### Work instruction
Look below for the line that has "Chaleco táctico negro". Set down the lines from there through the line that has "3 sovrum Finca/Hus", exactly as written.

Short descriptive text snippets:
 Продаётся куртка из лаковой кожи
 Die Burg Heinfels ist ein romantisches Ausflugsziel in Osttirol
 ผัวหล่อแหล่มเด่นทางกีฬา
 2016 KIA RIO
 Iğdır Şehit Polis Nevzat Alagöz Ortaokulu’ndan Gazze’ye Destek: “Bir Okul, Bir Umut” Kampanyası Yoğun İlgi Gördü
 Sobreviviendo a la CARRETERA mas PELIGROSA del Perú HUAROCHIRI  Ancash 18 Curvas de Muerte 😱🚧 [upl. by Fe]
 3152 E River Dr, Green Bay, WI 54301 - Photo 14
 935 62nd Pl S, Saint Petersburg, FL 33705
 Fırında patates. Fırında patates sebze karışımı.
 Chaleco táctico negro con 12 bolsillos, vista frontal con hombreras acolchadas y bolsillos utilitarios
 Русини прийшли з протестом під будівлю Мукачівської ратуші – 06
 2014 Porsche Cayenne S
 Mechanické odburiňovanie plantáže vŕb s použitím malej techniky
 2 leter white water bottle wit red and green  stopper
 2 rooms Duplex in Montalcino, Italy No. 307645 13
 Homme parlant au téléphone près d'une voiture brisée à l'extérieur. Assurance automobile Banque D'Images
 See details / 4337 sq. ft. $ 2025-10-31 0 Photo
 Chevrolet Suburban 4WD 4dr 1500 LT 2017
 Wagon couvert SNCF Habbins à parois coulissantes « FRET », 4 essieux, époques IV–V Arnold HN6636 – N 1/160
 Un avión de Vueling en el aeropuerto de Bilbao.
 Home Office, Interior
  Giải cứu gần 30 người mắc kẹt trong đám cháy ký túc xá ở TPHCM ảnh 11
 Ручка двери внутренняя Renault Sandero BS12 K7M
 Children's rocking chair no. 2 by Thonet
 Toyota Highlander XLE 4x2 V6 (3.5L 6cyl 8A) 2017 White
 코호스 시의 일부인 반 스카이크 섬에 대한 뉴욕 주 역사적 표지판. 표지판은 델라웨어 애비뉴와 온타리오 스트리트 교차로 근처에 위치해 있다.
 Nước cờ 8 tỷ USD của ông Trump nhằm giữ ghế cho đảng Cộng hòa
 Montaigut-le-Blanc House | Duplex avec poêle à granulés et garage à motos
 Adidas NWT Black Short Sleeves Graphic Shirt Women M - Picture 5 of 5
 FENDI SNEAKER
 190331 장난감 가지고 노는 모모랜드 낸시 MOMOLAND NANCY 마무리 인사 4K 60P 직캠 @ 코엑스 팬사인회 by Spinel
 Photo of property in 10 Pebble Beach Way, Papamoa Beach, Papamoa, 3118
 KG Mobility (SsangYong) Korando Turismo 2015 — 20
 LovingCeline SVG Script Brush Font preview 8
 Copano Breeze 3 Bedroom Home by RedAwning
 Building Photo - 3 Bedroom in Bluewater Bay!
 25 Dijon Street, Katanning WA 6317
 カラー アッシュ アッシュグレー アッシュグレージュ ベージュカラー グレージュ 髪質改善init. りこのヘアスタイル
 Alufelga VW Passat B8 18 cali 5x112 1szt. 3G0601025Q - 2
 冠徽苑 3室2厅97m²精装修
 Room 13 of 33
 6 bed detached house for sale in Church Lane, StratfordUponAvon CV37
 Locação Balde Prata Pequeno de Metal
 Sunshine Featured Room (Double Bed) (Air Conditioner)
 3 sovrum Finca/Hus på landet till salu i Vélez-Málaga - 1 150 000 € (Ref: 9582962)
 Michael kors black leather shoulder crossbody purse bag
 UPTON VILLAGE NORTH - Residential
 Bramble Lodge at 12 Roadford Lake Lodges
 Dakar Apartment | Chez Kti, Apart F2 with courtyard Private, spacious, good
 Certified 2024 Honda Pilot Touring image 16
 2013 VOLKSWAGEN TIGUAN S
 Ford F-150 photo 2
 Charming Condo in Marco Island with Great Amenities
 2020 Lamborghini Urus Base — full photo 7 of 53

### Answer to this problem
 Chaleco táctico negro con 12 bolsillos, vista frontal con hombreras acolchadas y bolsillos utilitarios
 Русини прийшли з протестом під будівлю Мукачівської ратуші – 06
 2014 Porsche Cayenne S
 Mechanické odburiňovanie plantáže vŕb s použitím malej techniky
 2 leter white water bottle wit red and green  stopper
 2 rooms Duplex in Montalcino, Italy No. 307645 13
 Homme parlant au téléphone près d'une voiture brisée à l'extérieur. Assurance automobile Banque D'Images
 See details / 4337 sq. ft. $ 2025-10-31 0 Photo
 Chevrolet Suburban 4WD 4dr 1500 LT 2017
 Wagon couvert SNCF Habbins à parois coulissantes « FRET », 4 essieux, époques IV–V Arnold HN6636 – N 1/160
 Un avión de Vueling en el aeropuerto de Bilbao.
 Home Office, Interior
  Giải cứu gần 30 người mắc kẹt trong đám cháy ký túc xá ở TPHCM ảnh 11
 Ручка двери внутренняя Renault Sandero BS12 K7M
 Children's rocking chair no. 2 by Thonet
 Toyota Highlander XLE 4x2 V6 (3.5L 6cyl 8A) 2017 White
 코호스 시의 일부인 반 스카이크 섬에 대한 뉴욕 주 역사적 표지판. 표지판은 델라웨어 애비뉴와 온타리오 스트리트 교차로 근처에 위치해 있다.
 Nước cờ 8 tỷ USD của ông Trump nhằm giữ ghế cho đảng Cộng hòa
 Montaigut-le-Blanc House | Duplex avec poêle à granulés et garage à motos
 Adidas NWT Black Short Sleeves Graphic Shirt Women M - Picture 5 of 5
 FENDI SNEAKER
 190331 장난감 가지고 노는 모모랜드 낸시 MOMOLAND NANCY 마무리 인사 4K 60P 직캠 @ 코엑스 팬사인회 by Spinel
 Photo of property in 10 Pebble Beach Way, Papamoa Beach, Papamoa, 3118
 KG Mobility (SsangYong) Korando Turismo 2015 — 20
 LovingCeline SVG Script Brush Font preview 8
 Copano Breeze 3 Bedroom Home by RedAwning
 Building Photo - 3 Bedroom in Bluewater Bay!
 25 Dijon Street, Katanning WA 6317
 カラー アッシュ アッシュグレー アッシュグレージュ ベージュカラー グレージュ 髪質改善init. りこのヘアスタイル
 Alufelga VW Passat B8 18 cali 5x112 1szt. 3G0601025Q - 2
 冠徽苑 3室2厅97m²精装修
 Room 13 of 33
 6 bed detached house for sale in Church Lane, StratfordUponAvon CV37
 Locação Balde Prata Pequeno de Metal
 Sunshine Featured Room (Double Bed) (Air Conditioner)
 3 sovrum Finca/Hus på landet till salu i Vélez-Málaga - 1 150 000 € (Ref: 9582962)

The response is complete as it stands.